Il cammino dello spirito spesso si accompagna, nella Storia, ai frutti che esso stesso produce nella contemplazione del Fine e dell'infinito percorso di un arcano che morde le nostre percezioni.
Ed è nell'ammirazione del costruito che, molte volte, riprendiamo il percorso interrotto.
Ma se all'arte si aggiunge il mistero, e se questo si esplicita nel richiamo sensibile di una morte sicura accompagnata da una inesprimibile sensazione di pace, e quindi di vita, diviene essa stessa cammino.
Durante il quale ci si imbratta e si cade.
Da vari anni Angelo Siciliano registra, con la penna e con il pennello, sensazioni attuali scaturenti da precedenti momenti di vita individuale e sociale.
E scava, esplorando rimasugli e meandri, nella memoria personale e collettiva, del vissuto suo e del popolo al quale appartiene.
Questa volta, però, è stato il tempo a donare, a lui e a noi, un pezzo intero della nostra storia.
Pulito nell'interezza delle sue ferite: una Mamma Bella, appartenuta ad un grande del nostro passato, con la veste imbrattata di fango.
Ma il fango che azzanghera la Vergine, è il nostro fango.
Che la inonda, l'affonda, la sottrae allo sguardo degli uomini.
Alla coscienza di un popolo che dimentica.e muore.
Ed ella assorbe.
Anche la nostra morte.
Ha con sé le nostre strade, tortuose di secoli stretti, pregne delle acque guadate, dei calanchi freddi, o assolati, fruttate di olio e odorose di mandorle amare.
Assaltata dai tarli che, oltre la morte, rodono i nostri corpi, come prima le nostre coscienze.
Inappagate perché stanche, distrutte, sconsolate.
Non viene dal Paradiso perché è lì che ancora sta andando, appesantita dalle nostre valigie che il figlio, coi figli, sul suo braccio sostiene.
Al dolore della Croce, per la morte del suo primogenito, si aggiunge, così, lo spasimo universale di un parto foriero di gioie ancora nascoste.
E quando gli stenti di vite vissute, sudate, sconfitte, ottenebrano speranze di luce e coprono i richiami celesti, ricompare la Mamma.
Che non nasconde la Morte, serena mostrandola nello sguardo materno che ognuno vorrebbe incrociare la sera.
Nel crogiuolo del caos, che gli animi avviliti dei figli mortali affardella di buio, si accende la luce vitale e d'incanto svanisce la necessità del racconto liberatorio: ella sa tutto perché è stata sempre con noi, nascosta così bene che nessuno, neanche per idea, riusciva ad immaginarselo: tutto ha
udito, tutto ha sofferto, tutto ha compreso.
L'essenzialità del verso contiene la vastità del pensiero che di fronte a
Mamma Bella dalla faccia macchiata interrompe le sue trame per contemplarne quell'affascinante, indefinibile sorriso: ecco che svanisce l'affanno.
Ora tutto è più chiaro e in Pasqua dell'Abbondanza gli occhi della Vergine parlano: le macchie del suo viso, novello di secolari ferite che dissipa deserti di paure, possono ben rappresentare la trasfigurazione a cui l'uomo pellegrino, già viandante con lei tra filari di bosso e rosmarino odoroso,
tende ed aspira.
E i versi, silenziosamente rievocano le antiche processioni delle origini.
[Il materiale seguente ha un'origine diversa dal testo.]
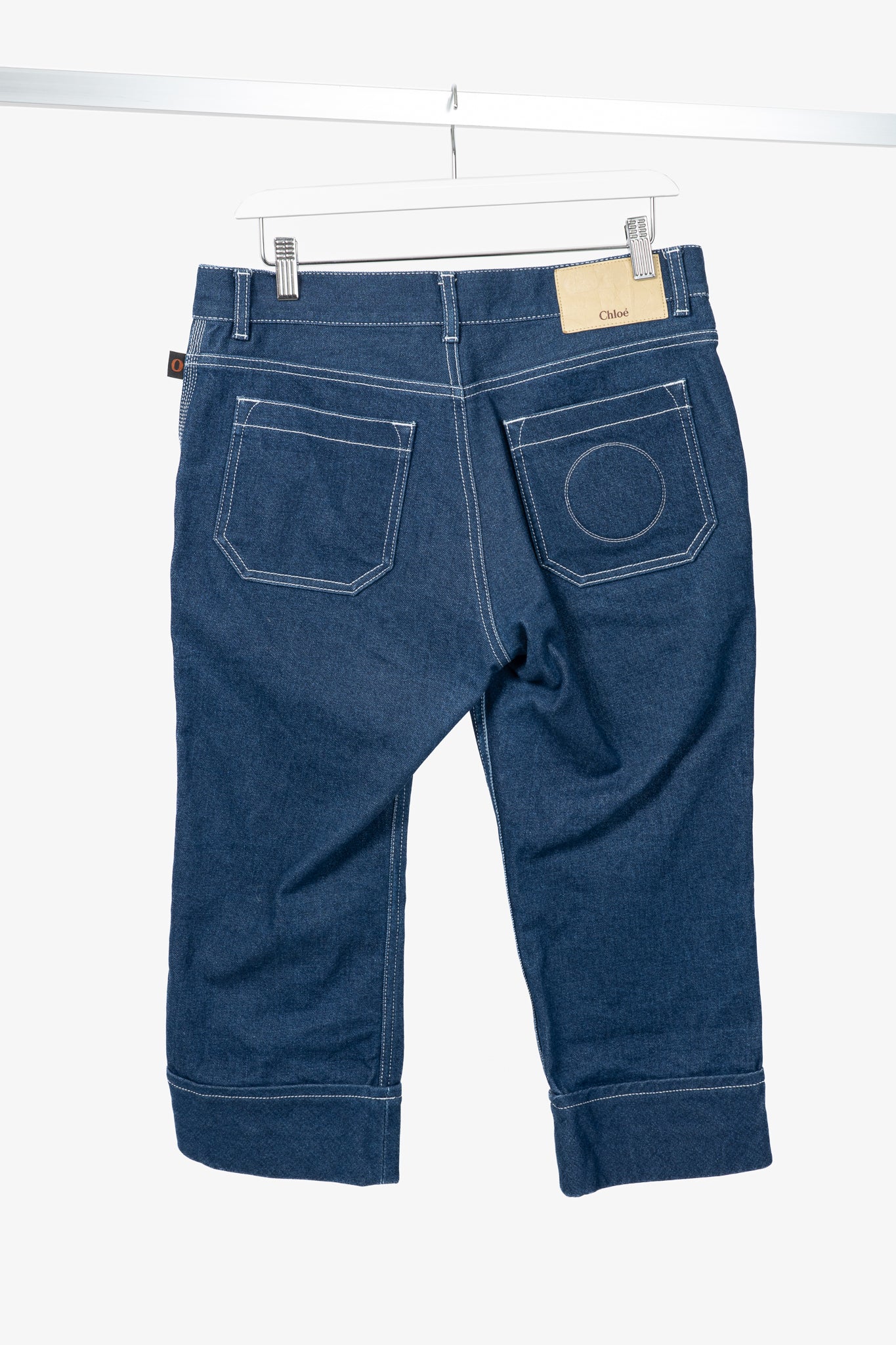 Chloe SS18 Runway Ultramarine Cotton Denim Cropped Circle-Stitch Jeans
I tributati fasti di un avversato popolo alla Mamma dal latte imperituro e al figlio per cui quello stesso latte fu concepito in eterno candore.
E poi, tre secoli di silenzio: di rughe scavate profonde.
Oggi, come ai tempi antichi, fiduciosi si sale alla Collegiata, là dove agli occhi degli uomini la Storia pareva avesse scritto fine.
Ma c'era una profezia da compiere: affidata ad un figlio di Casa Pirrotti che quella Sacra Immagine nel 1622 aveva voluto donare al culto del popolo.
Pompilio, il santo che, si disse, vivente parlò con i morti, e che, ancora bambino, aveva profetizzato il ritorno di quella statua, in quella
Collegiata era stato battezzato il 30 settembre del 1710.
E nel sole di Pasqua, primizia di risurrezione, i doni della Mamma Bella dalla faccia macchiata. Le gialle violacciocche, fiorite tra le pietre del tempio, accompagnano l'
ascesa. L'arcano è svelato. Il Bimbo benedice e sorride.